Data to process:
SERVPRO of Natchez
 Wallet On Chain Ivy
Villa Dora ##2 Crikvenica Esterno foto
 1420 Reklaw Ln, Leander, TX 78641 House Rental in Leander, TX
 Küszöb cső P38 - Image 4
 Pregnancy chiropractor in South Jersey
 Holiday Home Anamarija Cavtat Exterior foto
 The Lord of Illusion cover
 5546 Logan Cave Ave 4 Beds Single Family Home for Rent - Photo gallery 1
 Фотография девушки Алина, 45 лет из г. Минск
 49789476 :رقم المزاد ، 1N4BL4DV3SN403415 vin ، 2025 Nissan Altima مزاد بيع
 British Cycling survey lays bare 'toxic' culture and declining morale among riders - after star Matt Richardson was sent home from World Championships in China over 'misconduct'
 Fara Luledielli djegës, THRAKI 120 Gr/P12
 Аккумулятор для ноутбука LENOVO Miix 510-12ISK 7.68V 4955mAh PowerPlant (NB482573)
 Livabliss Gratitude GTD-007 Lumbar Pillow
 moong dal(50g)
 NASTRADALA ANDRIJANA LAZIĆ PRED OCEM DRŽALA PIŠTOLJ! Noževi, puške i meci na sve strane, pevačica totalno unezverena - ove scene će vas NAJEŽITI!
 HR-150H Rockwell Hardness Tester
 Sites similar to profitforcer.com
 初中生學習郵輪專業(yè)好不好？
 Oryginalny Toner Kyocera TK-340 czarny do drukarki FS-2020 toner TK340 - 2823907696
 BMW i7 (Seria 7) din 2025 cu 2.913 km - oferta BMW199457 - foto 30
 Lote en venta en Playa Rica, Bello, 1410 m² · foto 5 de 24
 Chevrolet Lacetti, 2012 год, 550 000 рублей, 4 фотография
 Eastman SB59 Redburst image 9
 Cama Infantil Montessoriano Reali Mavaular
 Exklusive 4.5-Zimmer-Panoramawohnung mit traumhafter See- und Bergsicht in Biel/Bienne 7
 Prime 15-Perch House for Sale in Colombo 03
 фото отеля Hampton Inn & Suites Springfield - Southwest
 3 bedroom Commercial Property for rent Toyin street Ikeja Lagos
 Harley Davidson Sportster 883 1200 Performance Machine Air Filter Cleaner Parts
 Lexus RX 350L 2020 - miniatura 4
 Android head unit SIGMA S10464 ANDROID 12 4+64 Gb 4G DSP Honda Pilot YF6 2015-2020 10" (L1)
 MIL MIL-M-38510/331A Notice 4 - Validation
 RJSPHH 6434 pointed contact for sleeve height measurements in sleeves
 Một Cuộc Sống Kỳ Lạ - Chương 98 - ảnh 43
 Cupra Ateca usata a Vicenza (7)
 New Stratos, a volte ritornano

Task to carry out: Repeat what the records above say. Use their exact words.

Written response:
SERVPRO of Natchez
 Wallet On Chain Ivy
Villa Dora ##2 Crikvenica Esterno foto
 1420 Reklaw Ln, Leander, TX 78641 House Rental in Leander, TX
 Küszöb cső P38 - Image 4
 Pregnancy chiropractor in South Jersey
 Holiday Home Anamarija Cavtat Exterior foto
 The Lord of Illusion cover
 5546 Logan Cave Ave 4 Beds Single Family Home for Rent - Photo gallery 1
 Фотография девушки Алина, 45 лет из г. Минск
 49789476 :رقم المزاد ، 1N4BL4DV3SN403415 vin ، 2025 Nissan Altima مزاد بيع
 British Cycling survey lays bare 'toxic' culture and declining morale among riders - after star Matt Richardson was sent home from World Championships in China over 'misconduct'
 Fara Luledielli djegës, THRAKI 120 Gr/P12
 Аккумулятор для ноутбука LENOVO Miix 510-12ISK 7.68V 4955mAh PowerPlant (NB482573)
 Livabliss Gratitude GTD-007 Lumbar Pillow
 moong dal(50g)
 NASTRADALA ANDRIJANA LAZIĆ PRED OCEM DRŽALA PIŠTOLJ! Noževi, puške i meci na sve strane, pevačica totalno unezverena - ove scene će vas NAJEŽITI!
 HR-150H Rockwell Hardness Tester
 Sites similar to profitforcer.com
 初中生學習郵輪專業(yè)好不好？
 Oryginalny Toner Kyocera TK-340 czarny do drukarki FS-2020 toner TK340 - 2823907696
 BMW i7 (Seria 7) din 2025 cu 2.913 km - oferta BMW199457 - foto 30
 Lote en venta en Playa Rica, Bello, 1410 m² · foto 5 de 24
 Chevrolet Lacetti, 2012 год, 550 000 рублей, 4 фотография
 Eastman SB59 Redburst image 9
 Cama Infantil Montessoriano Reali Mavaular
 Exklusive 4.5-Zimmer-Panoramawohnung mit traumhafter See- und Bergsicht in Biel/Bienne 7
 Prime 15-Perch House for Sale in Colombo 03
 фото отеля Hampton Inn & Suites Springfield - Southwest
 3 bedroom Commercial Property for rent Toyin street Ikeja Lagos
 Harley Davidson Sportster 883 1200 Performance Machine Air Filter Cleaner Parts
 Lexus RX 350L 2020 - miniatura 4
 Android head unit SIGMA S10464 ANDROID 12 4+64 Gb 4G DSP Honda Pilot YF6 2015-2020 10" (L1)
 MIL MIL-M-38510/331A Notice 4 - Validation
 RJSPHH 6434 pointed contact for sleeve height measurements in sleeves
 Một Cuộc Sống Kỳ Lạ - Chương 98 - ảnh 43
 Cupra Ateca usata a Vicenza (7)
 New Stratos, a volte ritornano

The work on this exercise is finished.